For the first time in over a quarter of a century, the teams, and the players it employs are at complete loggerheads after a Collective Bargaining Agreement (CBA) between the two parties expired.
And there is no sign of an early resolution either. The last time the two sides met, it took just seven minutes for them to break off negotiations, citing irreconcilable differences.
As things currently stand, clubs cannot sign trade or release existing players, or offer new contracts to existing ones. The players themselves are not even allowed, officially at least, to communicate with their teams, although they are permitted to train alone.
MLB’s own website has dropped its usual context of news and analysis of current players in favour of articles focussing on the history of the sport.
With the 2022 season not due to start until the end of March, that is not yet under threat. However, the longer the impasse goes on, the greater the chance that it will be delayed.
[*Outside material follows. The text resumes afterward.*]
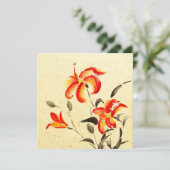 Tiger Lily - rood Kaart (Staand voorkant)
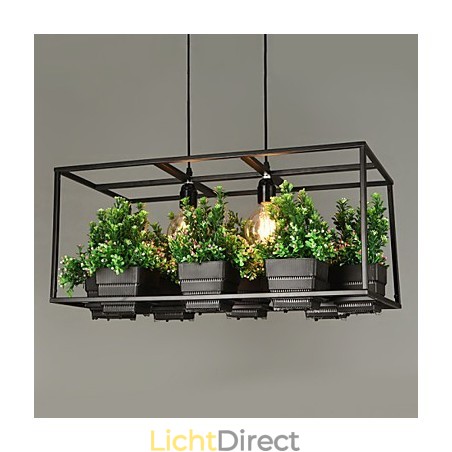 Moderne, eigentijdse decoratieve design hanglamp (planten niet inbegrepen) Moderne, eigentijdse decoratieve design hanglamp (planten niet inbegrepen)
There are a number of issues dividing the two parties. These include extending the Designated Hitter (DH rule) to the National League, and the number of teams which will take part in post-season. They are also at loggerheads over the time at which players become eligible for salary arbitration and free agency.
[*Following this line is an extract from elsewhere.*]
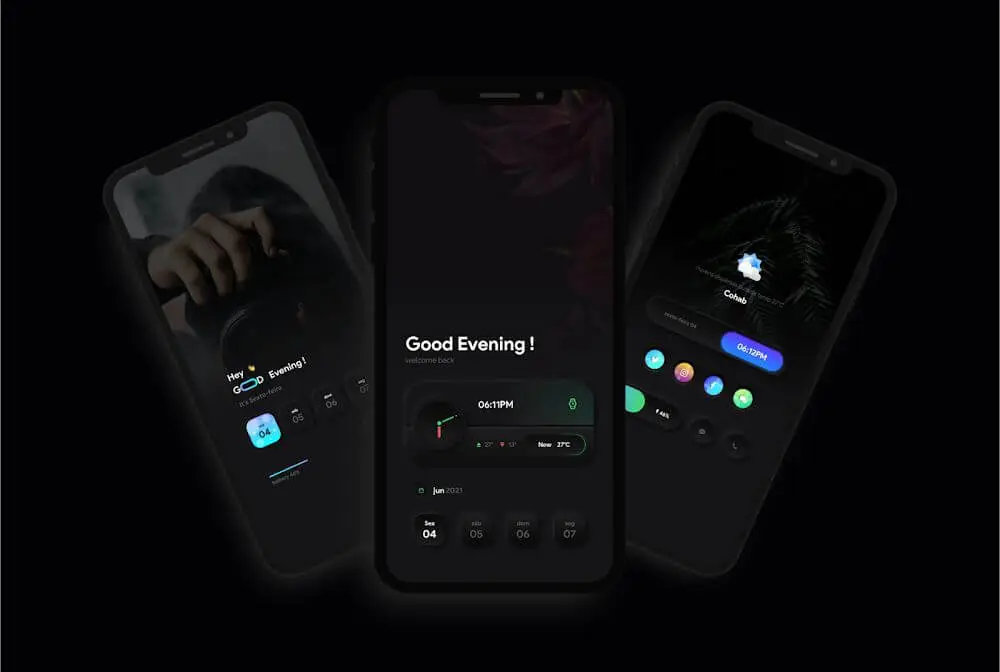 Screenshot of the Luxury for Kwgt game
The last time baseball found itself in this situation was in the 1994/95 season when the owners, faced with a worsening financial situation, collectively proposed a salary cap to their players.
The players responded by going on strike, resulting in the cancellation of the rest of the 1994 season, including post-season, and the World Series, for the first time since 1904.
The strike lasted 232 days before it was suspended in April of the following year, making it, at the time, the longest work stoppage in major league professional sports.
In all, 948 games were cancelled.
As part of the term of the settlement of that dispute, players and owners were bound by the terms of the CBA, but, with its expiration this time, a new stand-off has begun.